ミャンマー・ポップス界が生み出した女性歌手のトップ・スターと言えば、何といってもメースウィです。40年を超える歌手生活。驚くべきは、その前半約20年間。リリースしたアルバム数は100本以上。映画界にも進出して約50本の作品に出演。1997年末インドネシアで開催されたアセアン諸国の歌謡祭に国を代表して参加。歌唱力や人気の高さで群を抜く彼女ですが、1997年末に渡米し、アルバムのリリースにおいては第一線からは若干退いたような形になっていました。しかし、その間も本国での人気は全く衰えることなく、2012年、ヤンゴンでの50歳の誕生日公演を機会に、活動の拠点を再びミャンマーに移し、ますますミャンマー・ポップス界の女王として輝き続けています。
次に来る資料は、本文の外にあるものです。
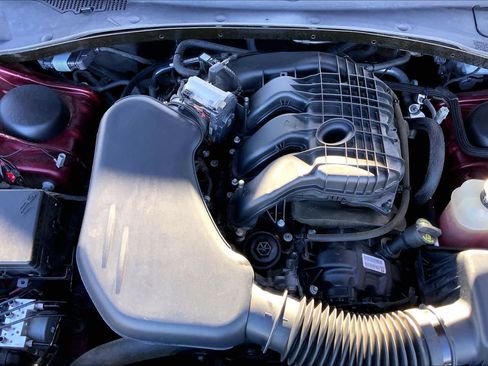 Used 2023 Chrysler 300 S image 32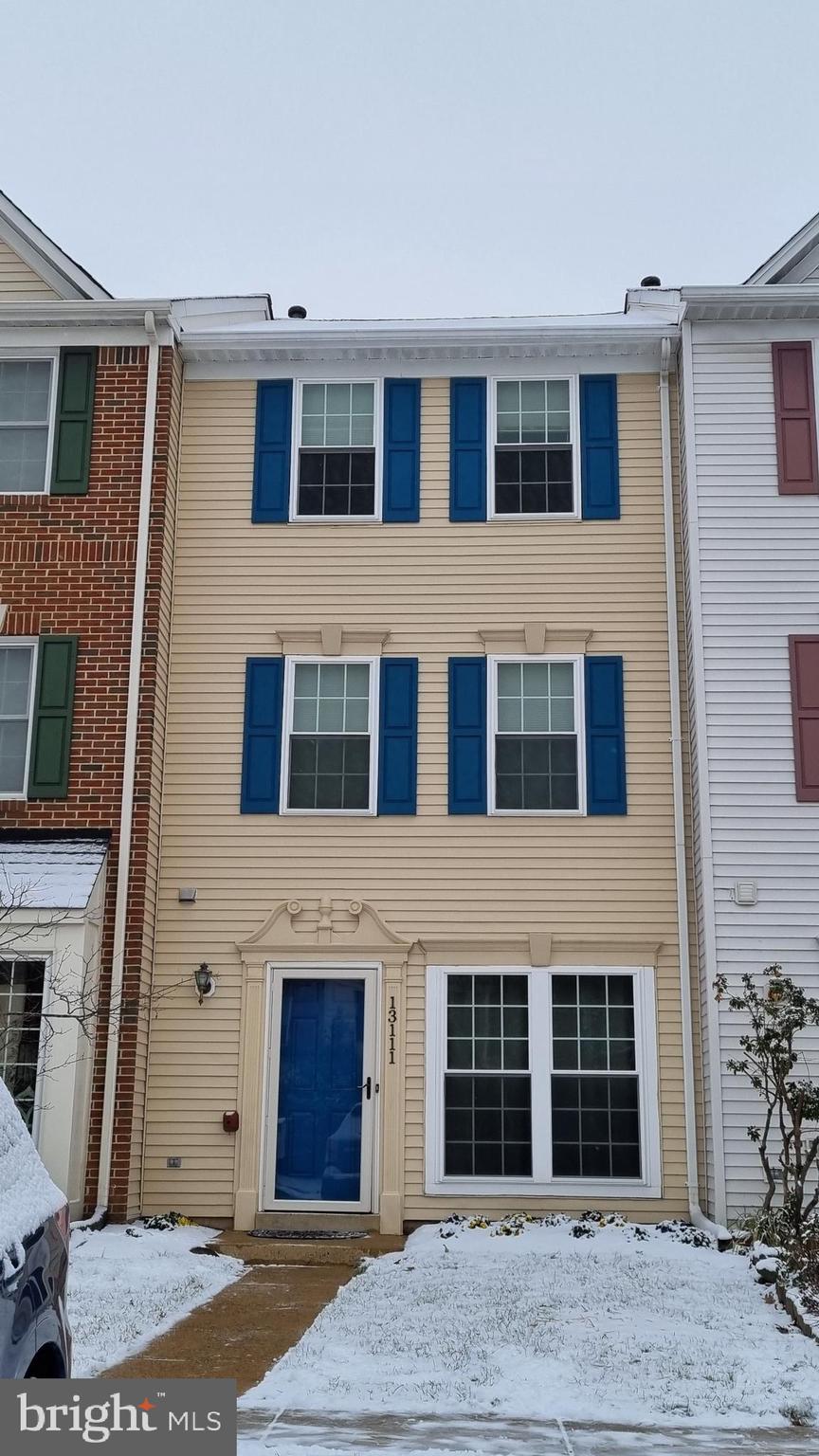 FAIR LAKES LAND BAY 4D - Residential Lease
さて、女王という表現から想起されるイメージには一種の近寄りがたさがありますが、彼女の場合、万人に親しみを感じさせる愛らしさがその大きな魅力。母親が大女優という家庭環境の中で培ってきた大スターとしての風格を備えつつ、同時に、その併せ持つ飾り気のない可愛らしさと快活さには、親近感を抱かせるものがあります。ビルマ・ポップス界の女王は、そんな愛すべき大スターなのです。